R Tutorials--Chi Square Goodness of Fit Test

CHI SQUARE GOODNESS OF FIT TEST

Syntax

From the help page, the syntax of the chisq.test() function is...

chisq.test(x, y = NULL, correct = TRUE,
           p = rep(1/length(x), length(x)), rescale.p = FALSE,
           simulate.p.value = FALSE, B = 2000)

This function is used for both the goodness of fit test and the test of independence, and which it does depends upon what kind of data you feed it. If "x" is a numeric vector or a one-dimensional table of numerical values, a goodness of fit test will be done (or attempted), treating "x" as a vector of observed frequencies. If "x" is a 2-D table, array, or matrix, then it is assumed to be a contingency table of frequencies, and a test of independence will be done.

Ignore "y". (See the help page if you must know.) The "correct=TRUE" option applies the Yates continuity correction when "x" is a 2x2 table. Set this to FALSE if the correction is not desired. For the goodness of fit test, set "p" equal to the null hypothesized proportions or probabilies for each of the categories represented in the vector "x". These must add exactly to 1. In the examples, I'll also illustrate how this vector can be set to the expected frequencies. The default is equal frequencies or probabilities. The remaining options can be ignored.

Textbook Problems

"Professor Bumblefuss takes a random sample of students enrolled in Statistics 101 at ABC University.

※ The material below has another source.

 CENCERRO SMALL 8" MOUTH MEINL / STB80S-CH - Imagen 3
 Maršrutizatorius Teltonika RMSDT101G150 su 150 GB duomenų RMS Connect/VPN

He finds the following: there are 25 freshman in the sample, 32 sophomores, 18 juniors, and 20 seniors. Test the null hypothesis that freshman, sophomores, juniors, and seniors are equally represented among students signed up for Stat 101."

This is a goodness of fit test with equal expected frequencies. The "p" vector does not need to be specified, since equal frequencies is the default. The observed frequencies can be fed directly into the test, using c() to collect them into a vector, or the frequencies can be put into a vector first and the name of the vector fed to the test.

> chisq.test(c(25,32,18,20))           # or freqs=c(25,32,18,20); chisq.test(freqs)

        Chi-squared test for given probabilities

data:  c(25, 32, 18, 20) 
X-squared = 4.9158, df = 3, p-value = 0.1781

Either way, the null hypothesis cannot be rejected at alpha = .05.

"Professor Iconoclast argues that Bumblefuss is wrong, and that the number of freshman and sophomores enrolled is each twice the number of juniors and the number of seniors. Test Iconoclast's hypothesis from these same data."

Now the expected frequencies are no longer equal, so a "p" vector must be specified. A little algebra leads us to the expected probabilities of 1/3, 1/3, 1/6, and 1/6. Since these numbers are awkward to enter as decimal numbers, they are best entered as fractions, letting R do the arithmetic for us. (You should always use fractions, when possible.)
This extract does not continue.